Un buen día comenzamos a ver a un individuo de un raro talante, que acompañaba en su carretilla al portugués en sus viajes al barrio en busca de sus abastecimientos. Solo Adolfo su gran confidente, dijo después que era un supuesto paisano, medio pariente de nuestro enigmático lusitano, a quien le había dado albergue como un acto de humanidad. Todo transcurrió en paz, hasta que, un día de fin de semana no se vio al portugués, y se dice por alguien que pasó cerca de su rancho, se escuchaban los terribles aullidos de los perros, cosa que dio lugar a la visita de la policía, que después de mucho buscar, encontró el cadáver del portugués en el famoso pozo de los lamentos.

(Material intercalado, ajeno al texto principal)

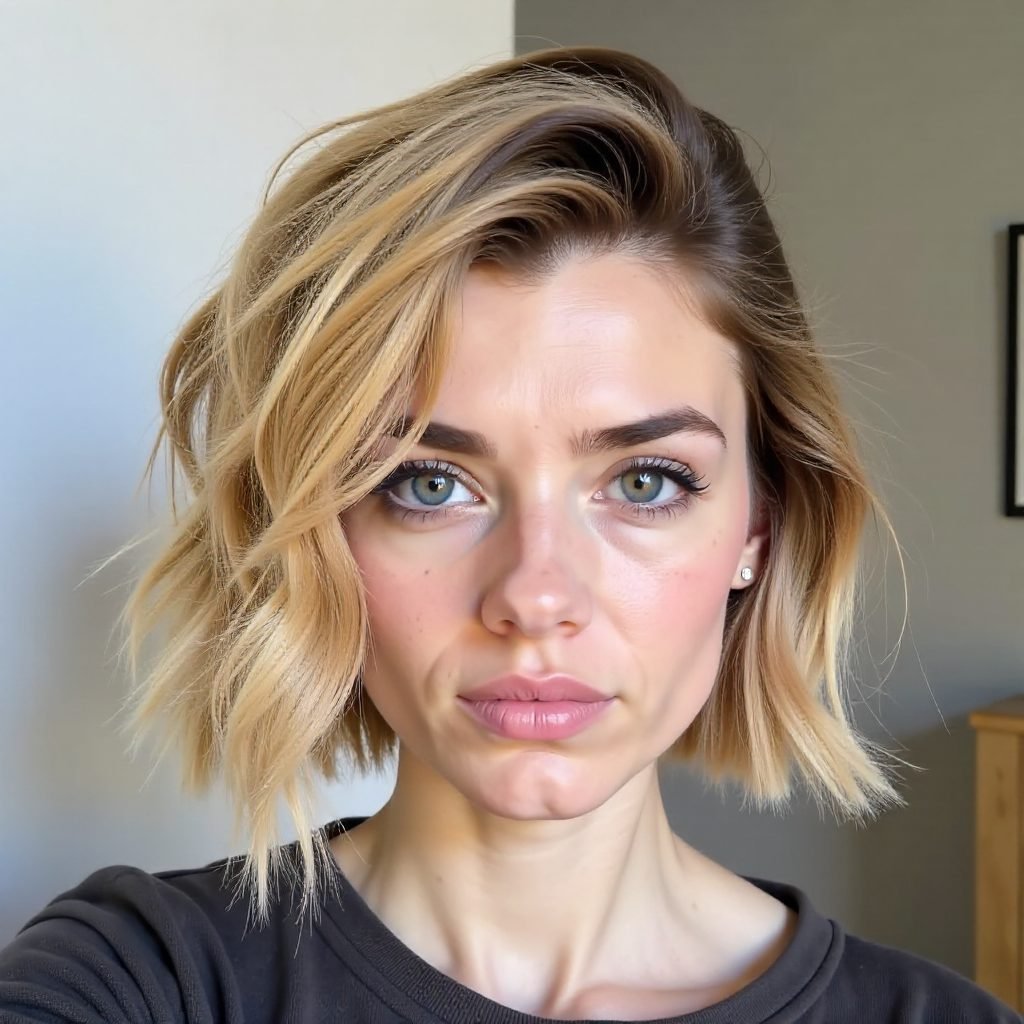 23 Modern Hairstyles for Women with Widow's Peak Hairline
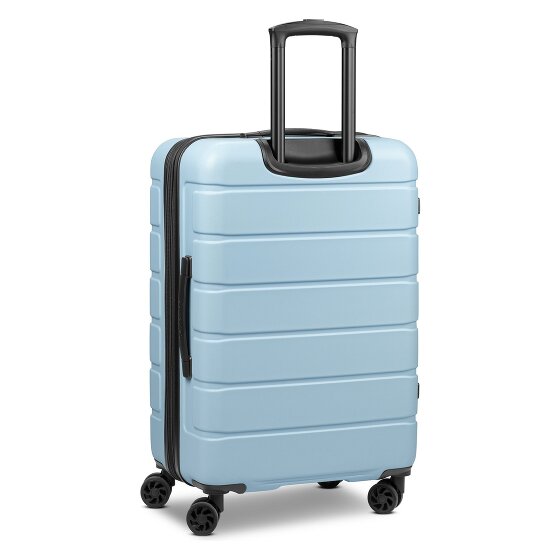 Saxoline Miami 4 ruote Carrello M 65 cm con piega di espansione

Desde aquel día nuestras cacerías de pájaros se limitaron hasta la cima de la Loma Blanca. Los antiguos perros se tornaron jíbaros y agresivos, y nadie podía acercarse a la casucha del portugués, del cual dicen que en las noches, estos animales cada vez que divisan su fantasma, aúllan reclamando su presencia con un sonido sin igual al de la corneta de un barco, muchos hoy dicen que el Vizcaya, tal como su dueño a menudo silbaba.